We assume $k\geq 2$ is fixed throughout.  We show
\\ {\bf Theorem.}  
There exists a packing with
\[ |S| = O(ND^{-1/k}\ln^cD)  \]
where $c$ depends on $k$.  (We make no attempt to optimize $c$.) 
\par Our approach is to give a real time random process that produces 
a packing with $E[|S|]$ meeting these bounds.  The process, as described
in \S 1,2, can be thought of as the random greedy algorithm with some
``stabilization mechanisms'' added.  Placing the algorithm in a real time
context allows for simulation of the variables by a differential equation
and the analysis of our discrete, albeit asymptotic, procedure becomes
quite continuous in nature.  
\par The study of asymptotic packing can be said to date from the
proof by V. R\"odl \cite{R} of a classic conjecture of Paul Erd\H{o}s and 
Haim Hanani \cite{EH}.  R\"odl showed that for $l<k$ fixed and $n\rightarrow
\infty$ there exists a ``packing'' $P$ of $\sim {n\choose l}/{k\choose l}$
$k$-element subsets of an $n$-element universe $\Omega$ so that every
$l$ points of $\Omega$ lie in at most one of the $k$-sets.  This
was nicely generalized by N. Pippenger in work appearing \cite{PS}
jointly with this author.  He showed that  any $k$-uniform
hypergraph on $N$ vertices with $\deg(v)\sim D$ for every $v$ and
any two vertices $v,w$ having $o(D)$ common edges has a packing $P$
with $|S|=o(n)$.  (Here $k$ is fixed,
$N,D\rightarrow\infty$.)  Recent work has centered on lowering the
size of $|S|$ in terms of $D$.  Our main result has also been
shown (indeed, without the logarithmic term for $k\geq 3$) in
our joint paper \cite{AKS}  by quite different techniques.  

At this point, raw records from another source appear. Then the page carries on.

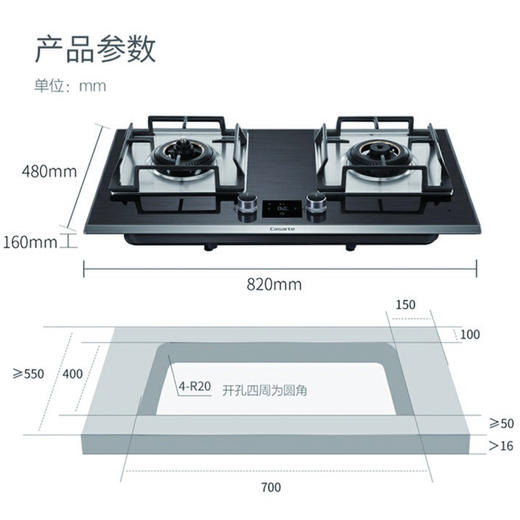 卡萨帝（Casarte）灶具JZT-C7G82CGU1(12T) 商品图11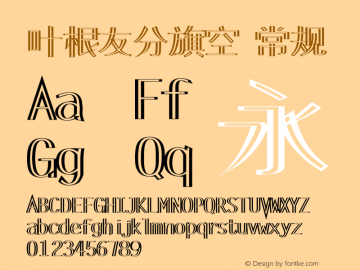 叶根友分旗空 常规 Version 1.00 May 15, 2016, initial release Font Sample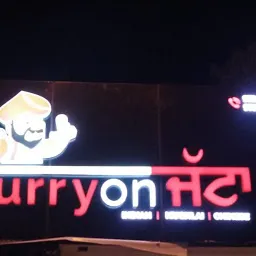 Curry On Jatta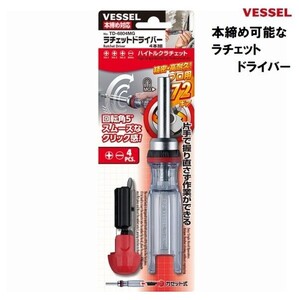 ベッセル VESSEL 本締め対応 ラチェット ドライバー 4本組 No.TD-6804MG ハンドドライバー 差し替え式 ドライバー プロ用 ハイトルク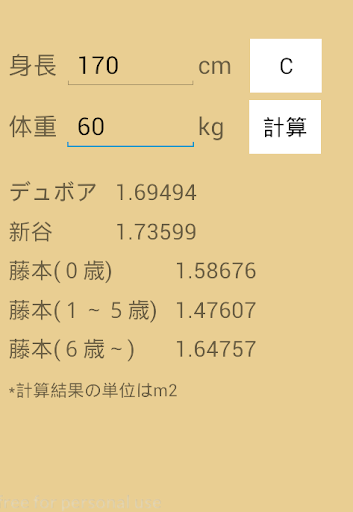体表面積の計算 Screen 2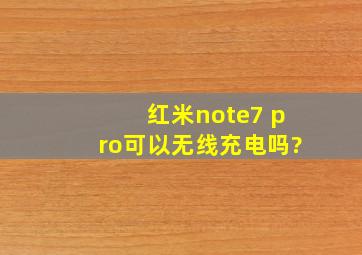 红米note7 pro可以无线充电吗?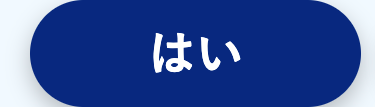 はい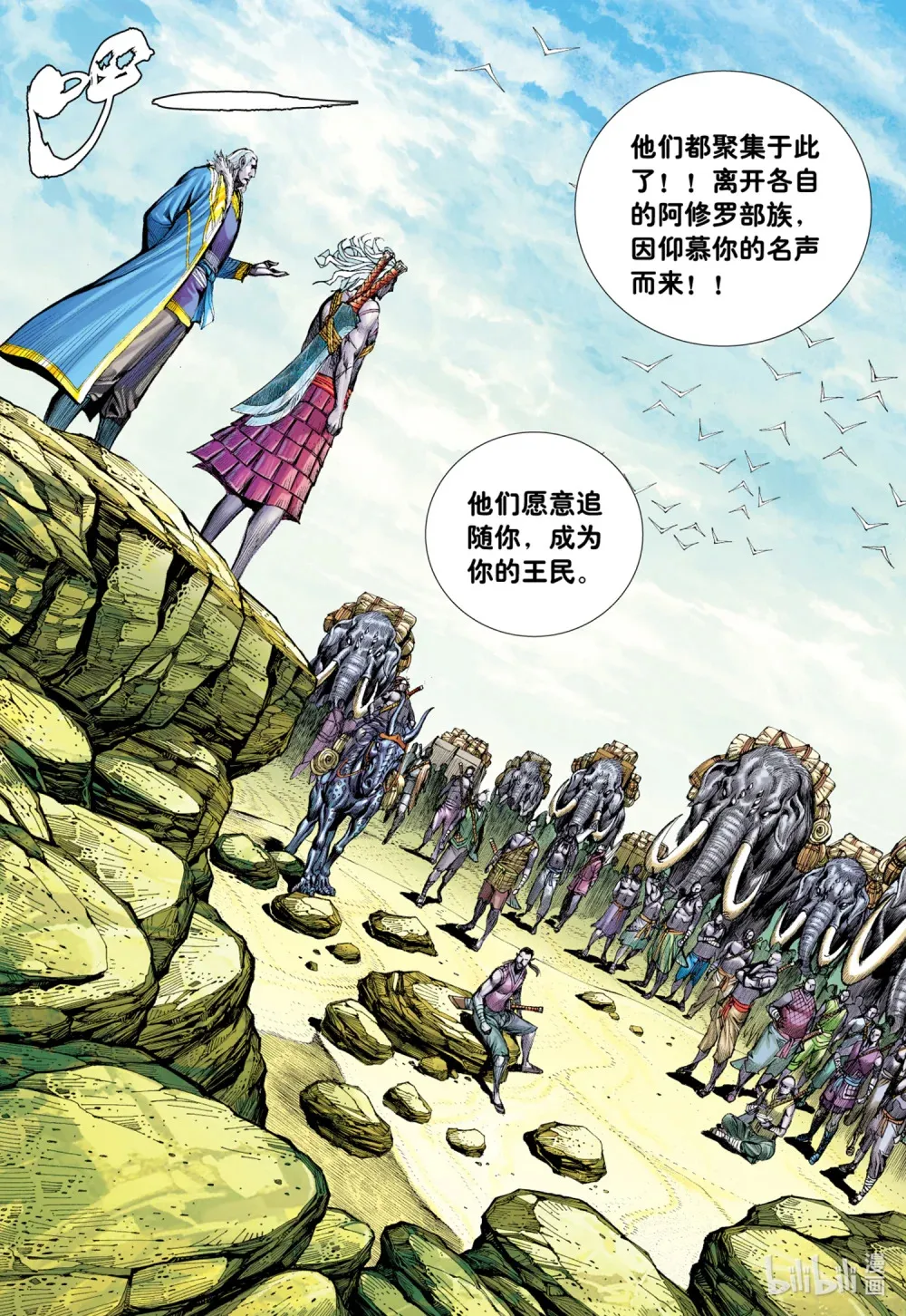 第10话 神怒 第4页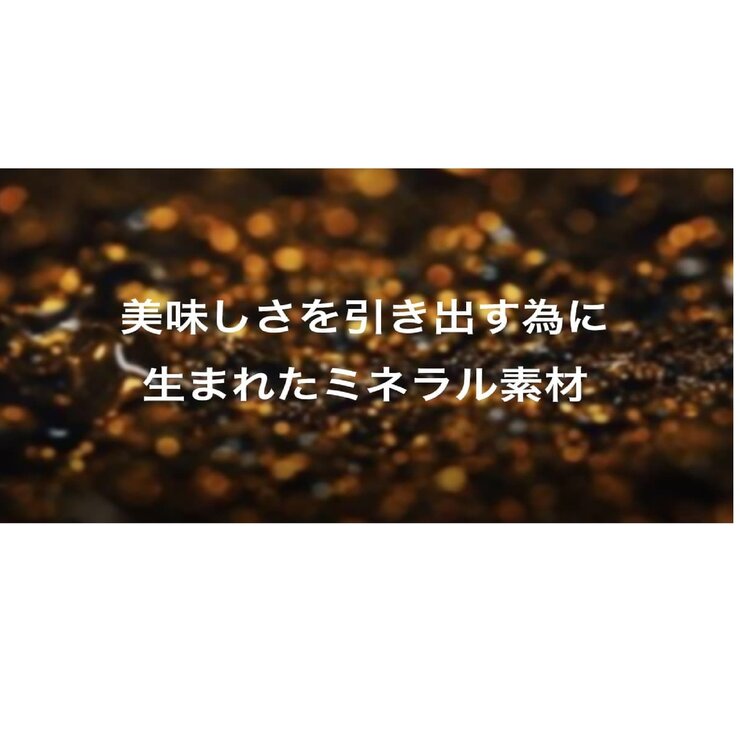 ヴェーエムエフ マルチポット 1.7L レッド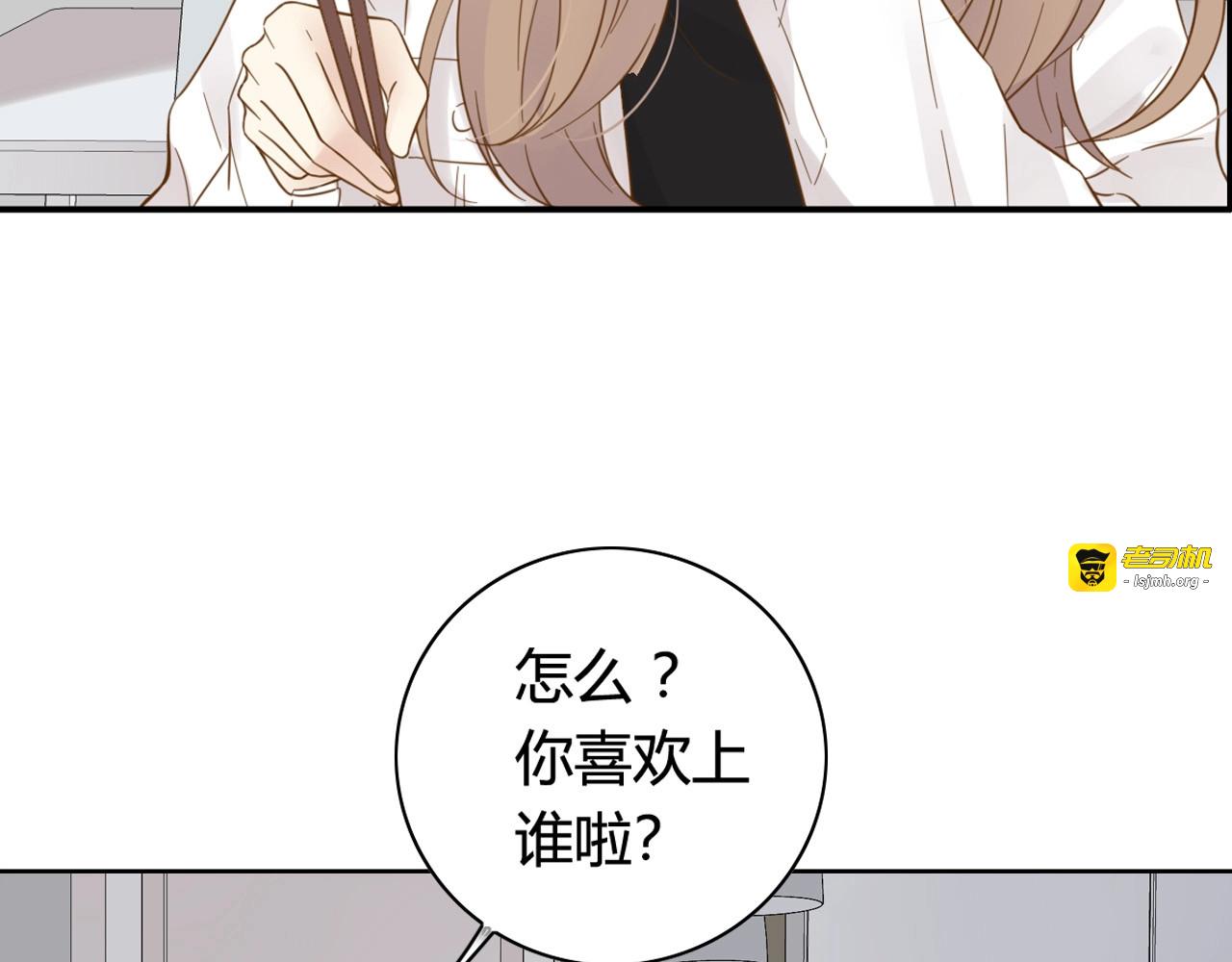 第59话 他的尴尬 第 17 页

\section{Two Simple Algorithms}
We first define the {\em discrete random greedy algorithm} in a natural
way.  Randomly order $e_1,\ldots,e_{\omega}$, $\omega=|E|$, the edges of
$H$.  Set $P_0=\emptyset, S_0=V$.  For $1\leq i\leq \omega$ {\em if}
$e_i\subseteq S_{i-1}$ then set $P_i=P_{i-1}\cup\{e_i\}$ and 
$S_i=S_{i-1}- e_i$, {\em else} keep $P_i=P_{i-1}$ and $S_i=S_{i-1}$.

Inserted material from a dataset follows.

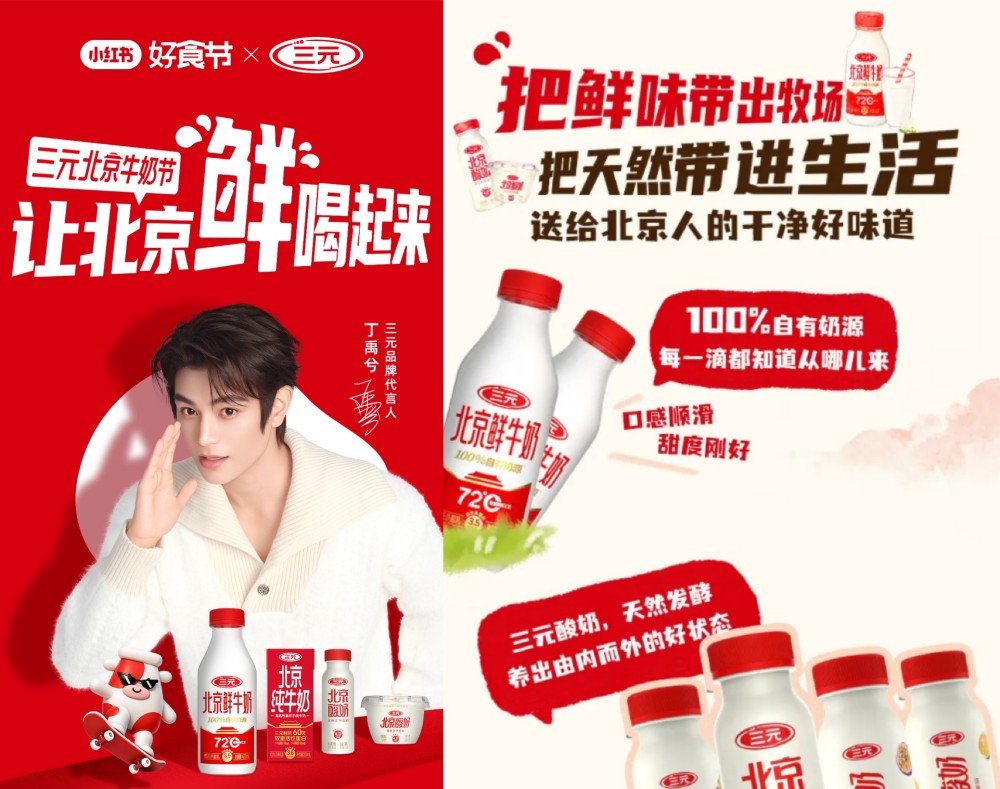放下饮食焦虑，当代年轻人重新学会好好吃饭|餐饮界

That is, consider the edges in random sequential order and add each to
the packing if you can.  We conjecture that $E[|S_{\omega}|]$ meets the
bounds of our Theorem.  This author \cite{S} and, independently, V.
R\"odl and L. Thoma \cite{RT} have shown that $E[|P_{\omega}|] \sim
\frac{N}{k+1}$ or  equivalently that $E[|S_{\omega}|]=o(N)$.
Viewed in this light we are now looking at a second order term, just
how close to a ``perfect packing'' can we get.  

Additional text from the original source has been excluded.